McDonald's Sweden is launching a promotion that invites kids to turn Happy Meal boxes into virtual-reality viewers. Dubbed Happy Goggles, some 3,500 of them will be made available at 14 restaurants over the weekends of March 5 and March 12. The price is about $4.10. 

The push is tied to the Swedish "Sportlov" recreational holiday, during which many families go skiing. With this in mind, McD's created a ski-themed VR game, "Slope Stars," for use with the oggles (though they work just as well with any mobile VR experience). The game can also be played in a less immersive fashion without them. 

To turn the iconic red boxes into Happy Goggles, just tear along some perforated lines and fold, inserting the VR lenses (included) and a smartphone (bring your own). The video below shows you how:



It's kind of like Google Cardboard—with fries.

DDB Stockholm developed the strategy, design and packaging, while North Kingdom Stockholm created the game; Prime is handling publicity. 

The program recalls a recent effort by Pizza Hut to turn its pizza box into movie projectors. VR, though, is another step up. The fast-food chain believes VR provides "a really exciting opportunity to connect families in digital times," Jeff Jackett, marketing director at McDonald's Sweden, tells AdFreak. "Parents can learn more about their children's knowledge and experience of the digital world.

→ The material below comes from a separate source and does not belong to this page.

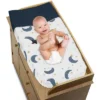 Sweet Jojo Designs Boy Or Girl Gender Neutral Unisex Changing Pad Cover Bear And Moon Blue And Gold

And purposeful gaming can also be a great joint activity that helps families interact on equal terms." 

Hackett adds that "this is the first trial run globally" for the Goggles, so there's a chance the program will be expanded if it proves popular. 

Although VR has gained traction in marketing campaigns, it seems especially on target for McDonald's. The chain has essentially been trying to fashion its own alternate "world" for decades. Characters like Ronald, Hamburglar and Grimace were analog-era nods in that direction, followed more recently by house-size Happy Meal boxes (Airbnb, take note), the much-derided anthropomorphic "Happy" mascot (which made us grimace), and even a Big Mac-inspired lifestyle and clothing line (also in Sweden).



McDonald's is not the first company to take advantage of VR to market to kids. Late last year, Mattel decided to rejuvenate the View-Master brand for a new generation. But perhaps anticipating blowback, the fast-food giant says child psychologists Karl Eder and Fadi Lahdo "have evaluated Happy Goggles and also presented a recommendation on how they should be used," concluding that "the gaming can be a good joint activity that makes it easier to hang out."

Such assertions likely won't make Happy Goggles palatable for the chain's critics. As with every kid-related McDonald's promotion, the tricked-out Happy Meal boxes will surely have some detractors seeing red.